Write out the records below from the first line through the line containing "Buy Debyani +", leaving out any pictures.

Extracted records:
==========

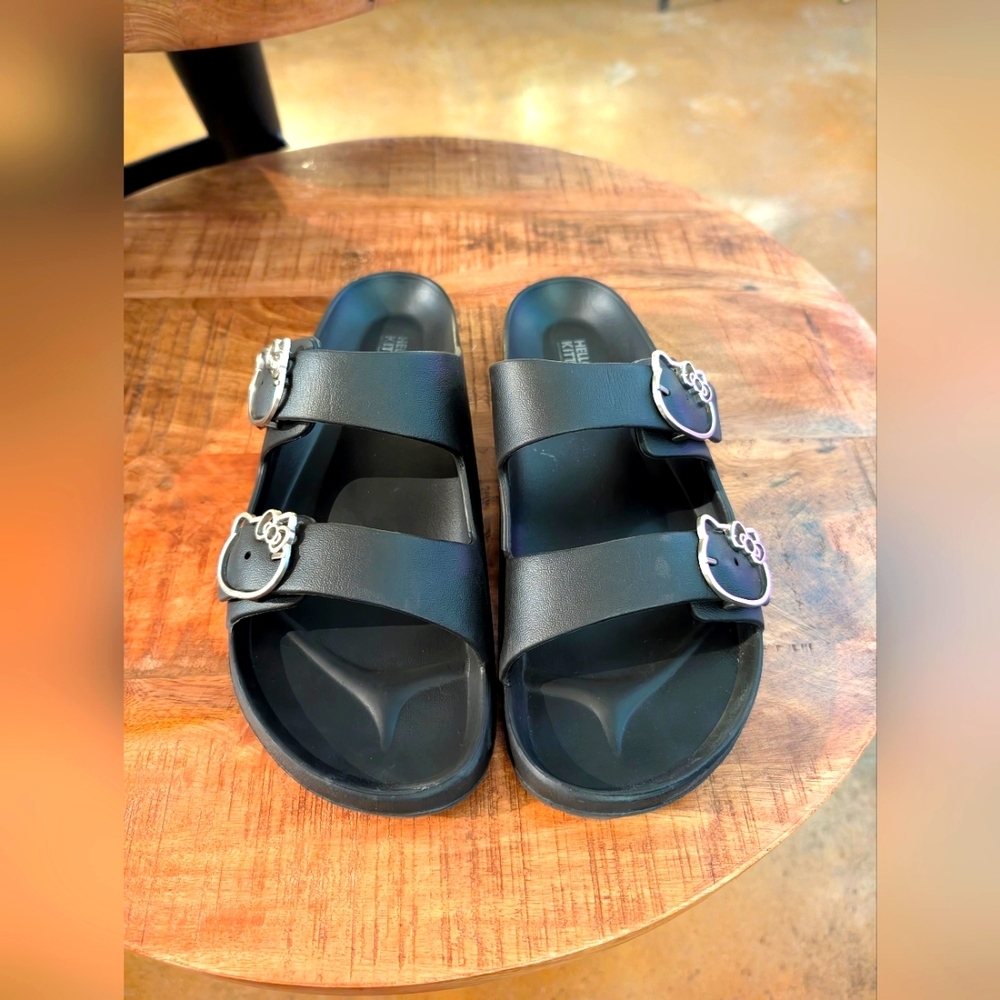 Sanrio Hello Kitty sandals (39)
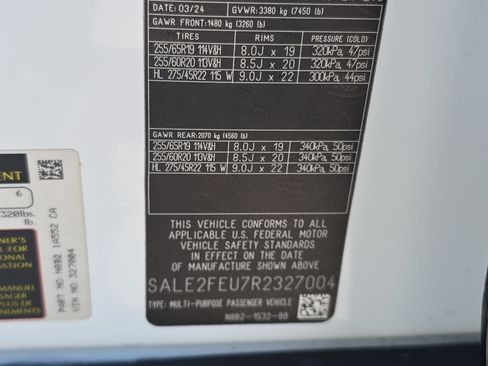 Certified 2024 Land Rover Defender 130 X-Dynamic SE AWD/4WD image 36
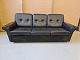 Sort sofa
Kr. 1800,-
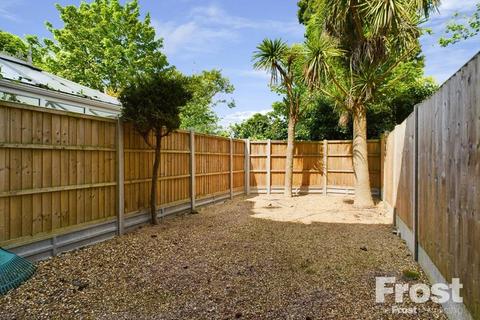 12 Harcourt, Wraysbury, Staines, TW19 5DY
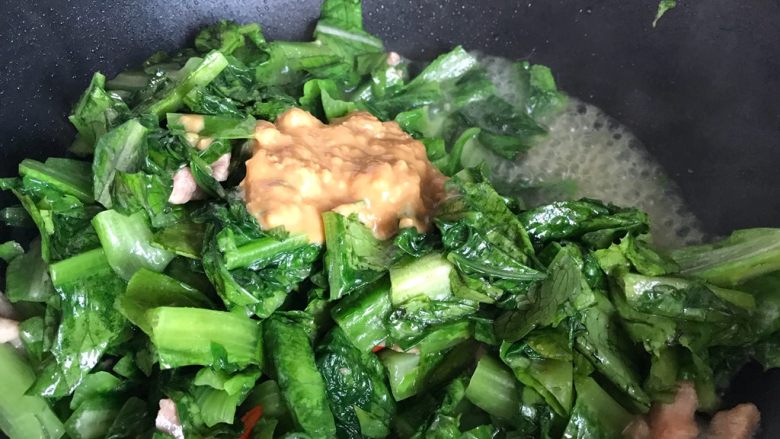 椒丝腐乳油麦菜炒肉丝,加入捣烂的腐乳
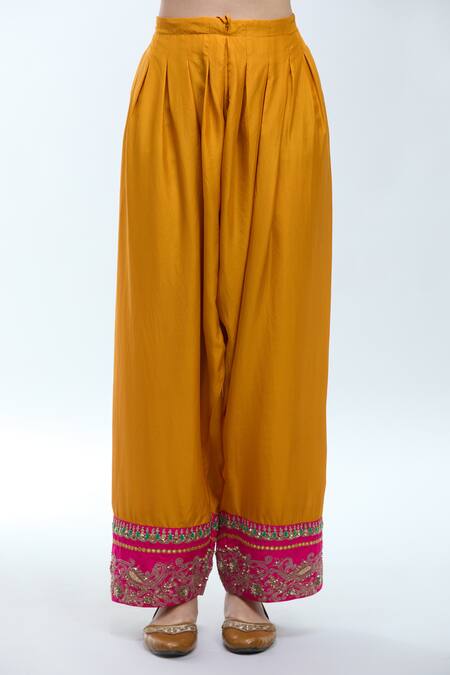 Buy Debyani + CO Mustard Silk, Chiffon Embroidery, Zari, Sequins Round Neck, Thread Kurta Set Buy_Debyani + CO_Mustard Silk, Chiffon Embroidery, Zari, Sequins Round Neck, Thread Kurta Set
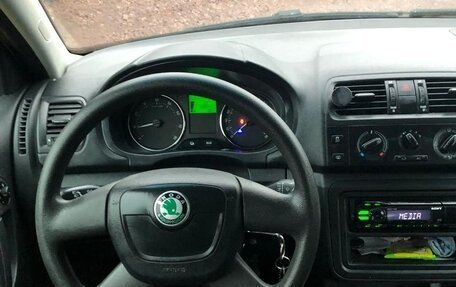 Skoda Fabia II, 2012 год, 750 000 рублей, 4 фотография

==========

- RESPONSE AREA -
 Sanrio Hello Kitty sandals (39)
 Certified 2024 Land Rover Defender 130 X-Dynamic SE AWD/4WD image 36
 Sort sofa
Kr. 1800,-
 12 Harcourt, Wraysbury, Staines, TW19 5DY
 椒丝腐乳油麦菜炒肉丝,加入捣烂的腐乳
 Buy Debyani + CO Mustard Silk, Chiffon Embroidery, Zari, Sequins Round Neck, Thread Kurta Set Buy_Debyani + CO_Mustard Silk, Chiffon Embroidery, Zari, Sequins Round Neck, Thread Kurta Set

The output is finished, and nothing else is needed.